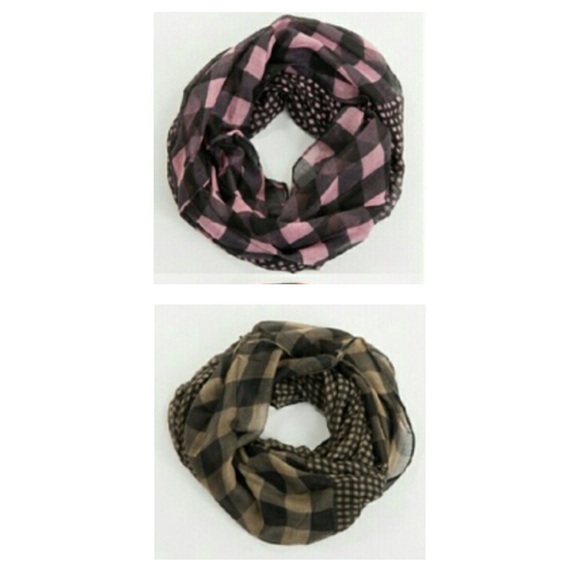 Plaid Infinity Scarf. - Picture 3 of 4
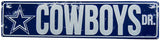 Dallas Cowboys Street Sign  Metal 24 X 5.5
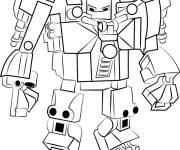 Coloriage Lego Super Heroes Iron Monger
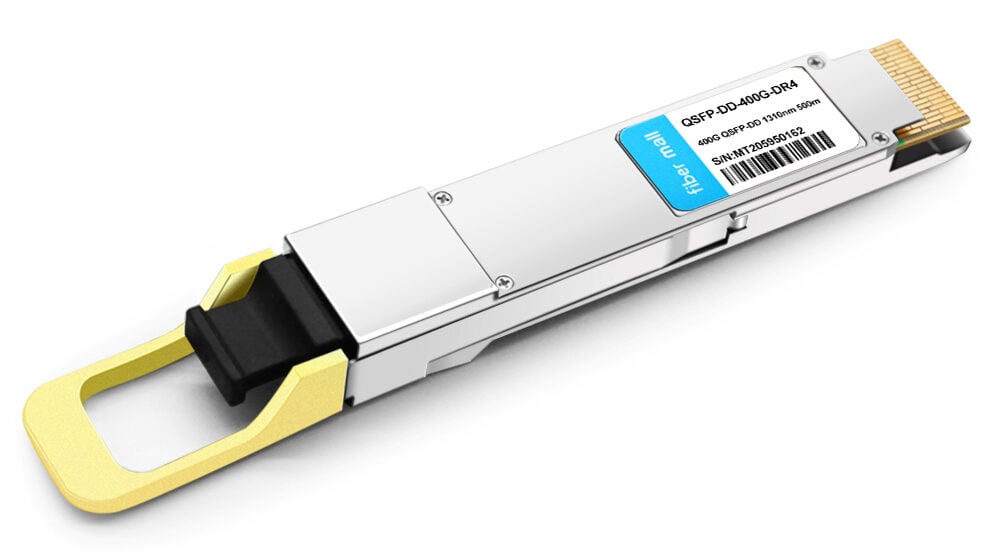 QSFP-DD-400G-DR4 400G QSFP-DD DR4 Módulo transceptor óptico con conector MTP / MPO y SMF de 1310 nm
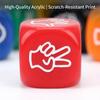 Rock Paper Scissors Dice Set, 6pcs Game Dice With 6 Sides 6 Colors, 20mm Decision Dice For Adults, Kids And Family Party Games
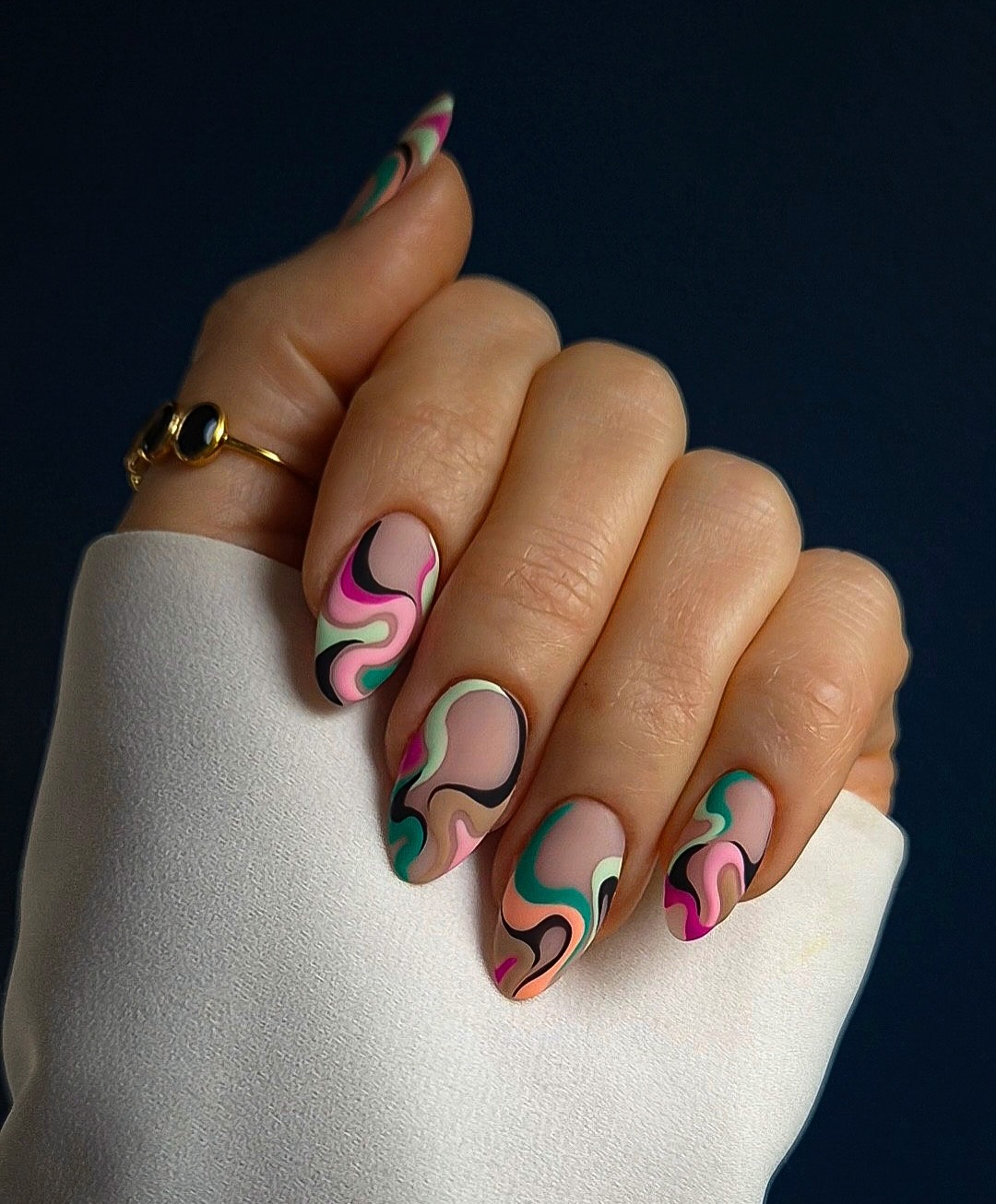 Birthday nail idea.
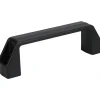 5.19" Center to Center, 1.06" Wide Handle, Black Matte Finish Plastic Pull Handle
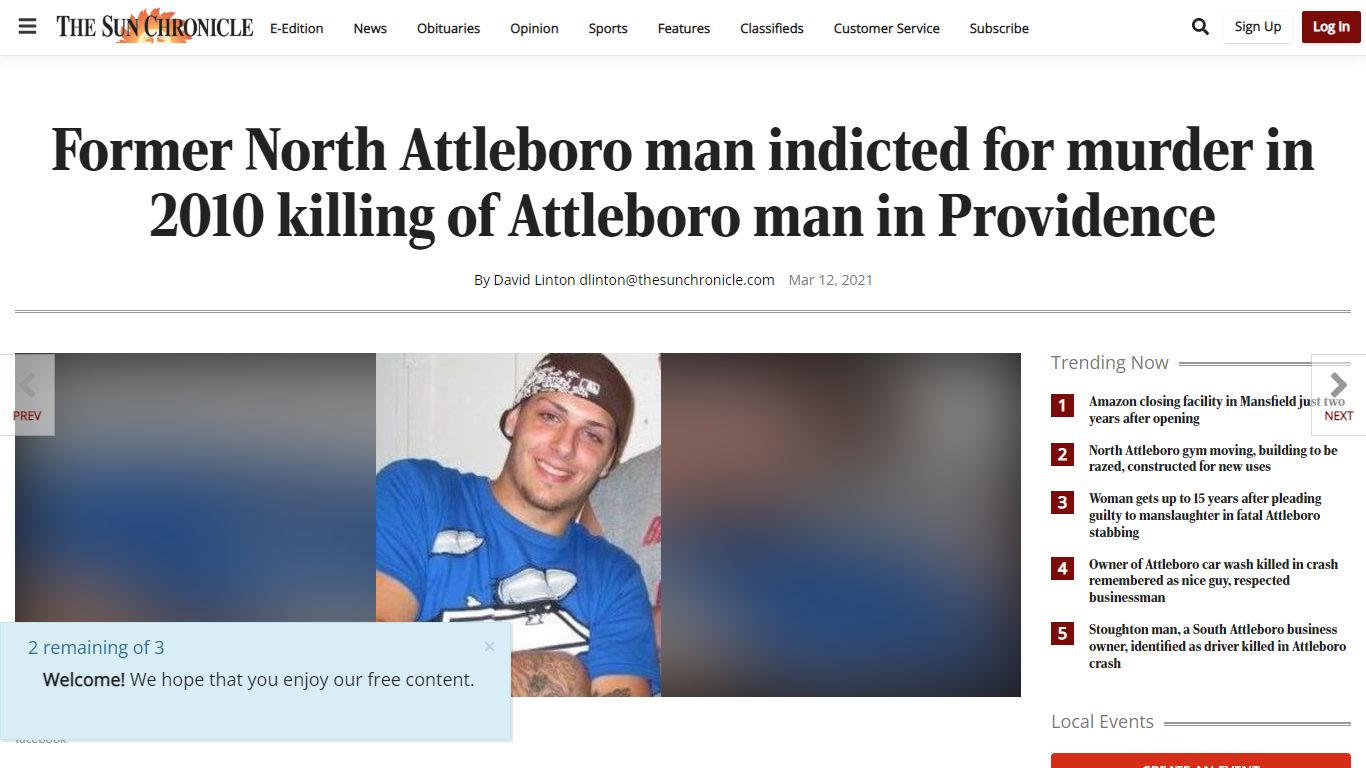 Former North Attleboro man indicted for murder in 2010 killing of ...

· · · · · · ·

The task calls for duplicating the data exactly, with no images kept.

 Plaid Infinity Scarf. - Picture 3 of 4
 Dallas Cowboys Street Sign  Metal 24 X 5.5
 Coloriage Lego Super Heroes Iron Monger
 QSFP-DD-400G-DR4 400G QSFP-DD DR4 Módulo transceptor óptico con conector MTP / MPO y SMF de 1310 nm
 Rock Paper Scissors Dice Set, 6pcs Game Dice With 6 Sides 6 Colors, 20mm Decision Dice For Adults, Kids And Family Party Games
 Birthday nail idea.
 5.19" Center to Center, 1.06" Wide Handle, Black Matte Finish Plastic Pull Handle
 Former North Attleboro man indicted for murder in 2010 killing of ...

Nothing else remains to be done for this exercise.